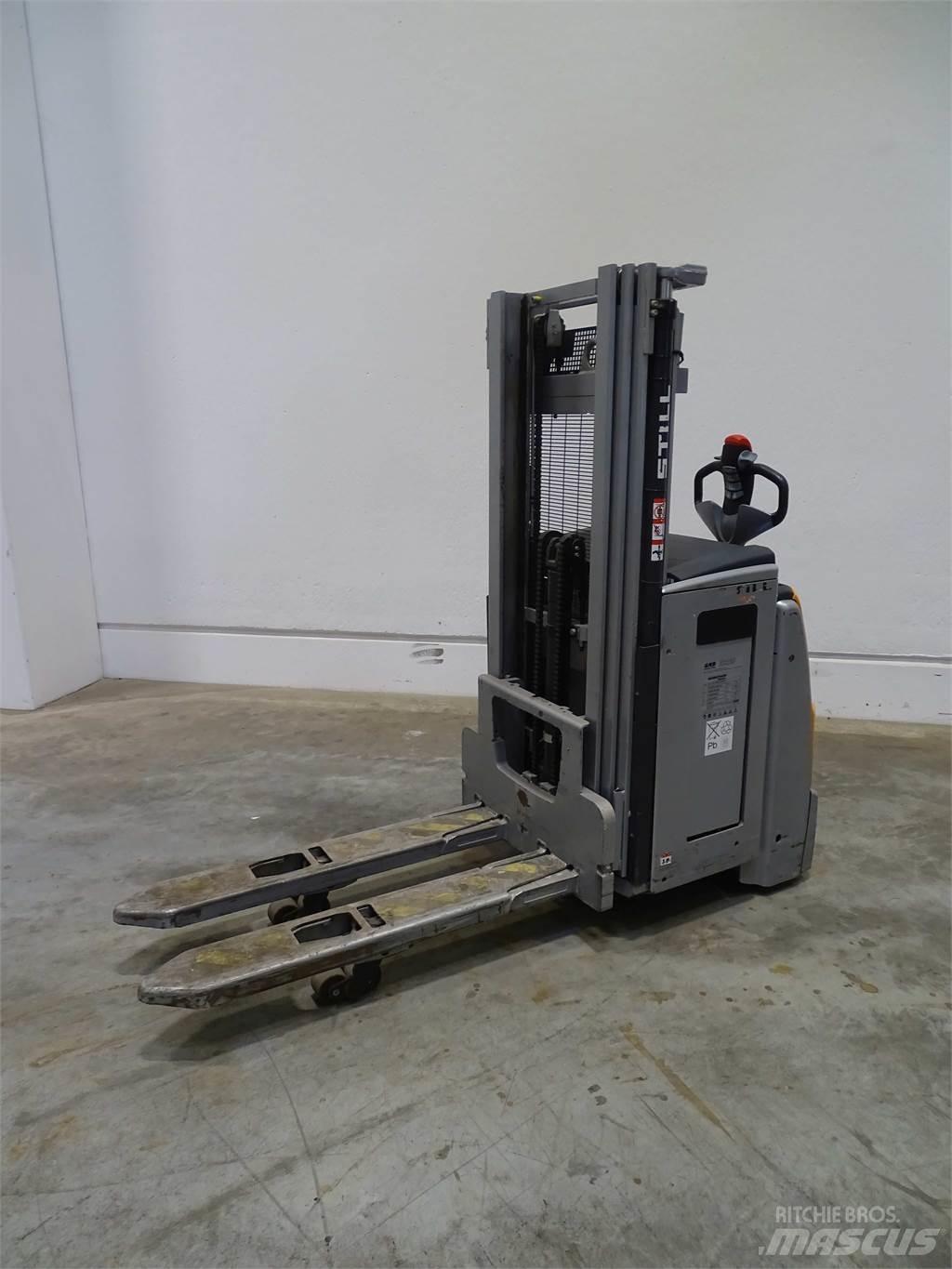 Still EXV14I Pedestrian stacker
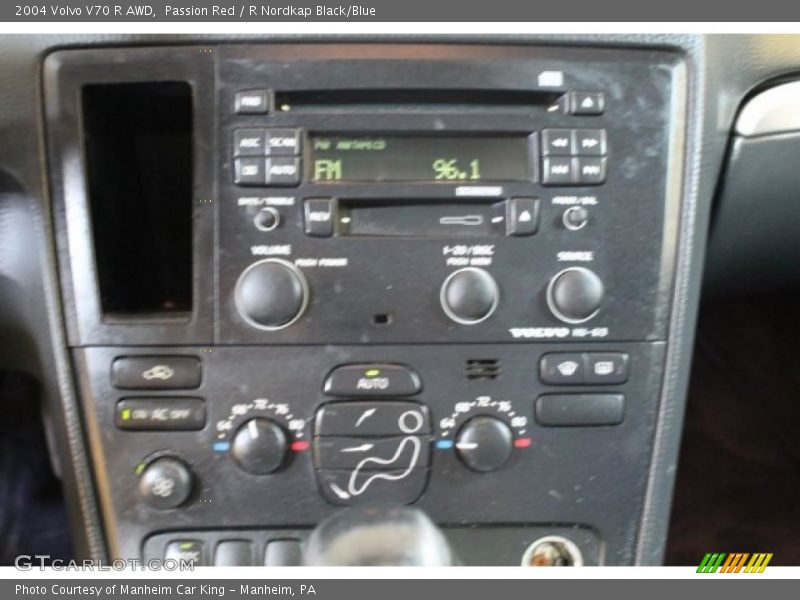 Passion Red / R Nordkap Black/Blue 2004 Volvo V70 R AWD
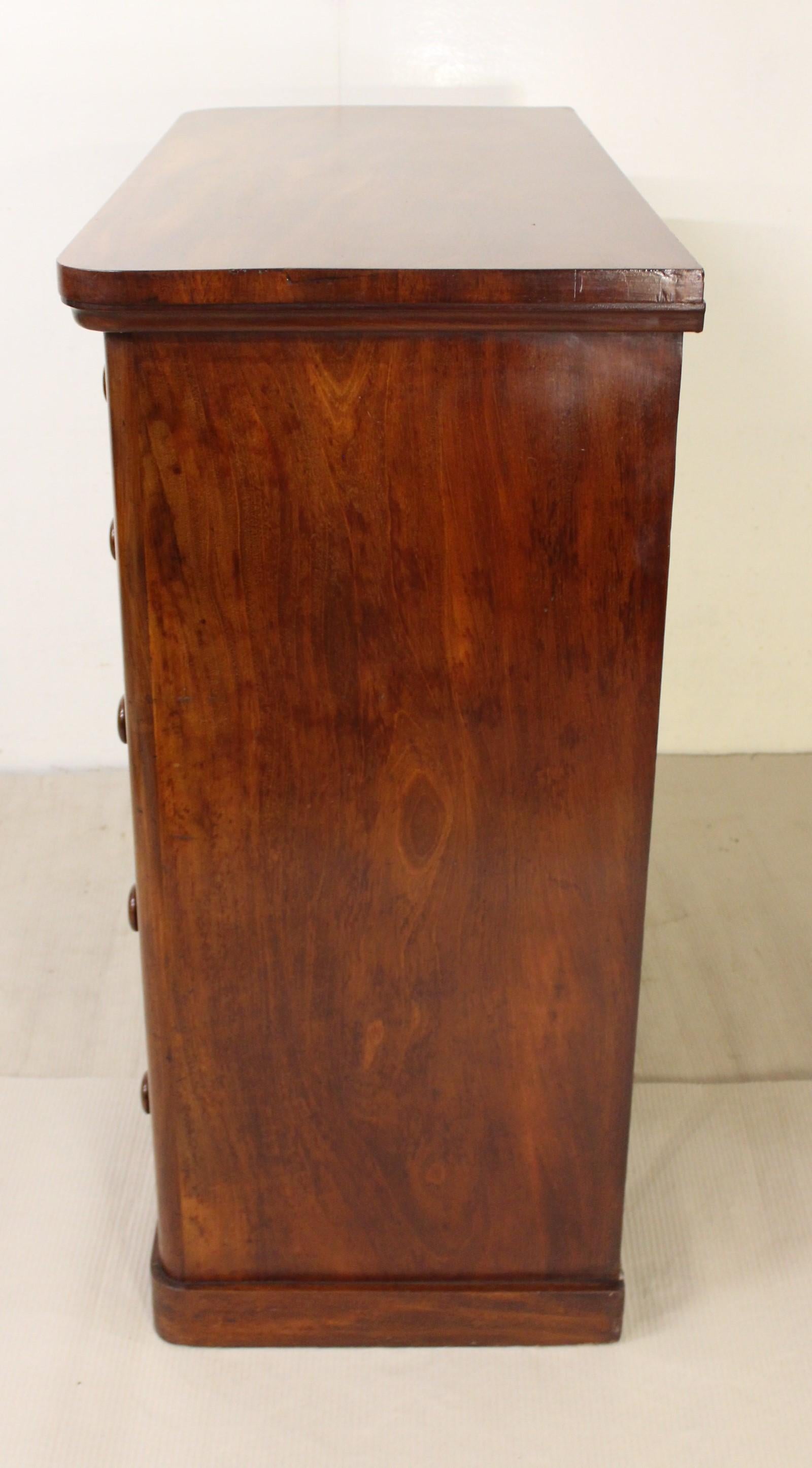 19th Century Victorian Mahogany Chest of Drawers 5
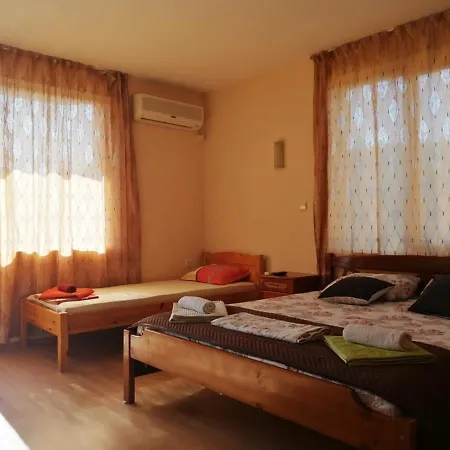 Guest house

________________________

### WORK REQUIRED:
The required output consists only of the lines from the one containing "Passion Red /" to the last line of the material, reproduced exactly, pictures excluded.

### RESULT OF THE TASK:
 Passion Red / R Nordkap Black/Blue 2004 Volvo V70 R AWD
 19th Century Victorian Mahogany Chest of Drawers 5
 Guest house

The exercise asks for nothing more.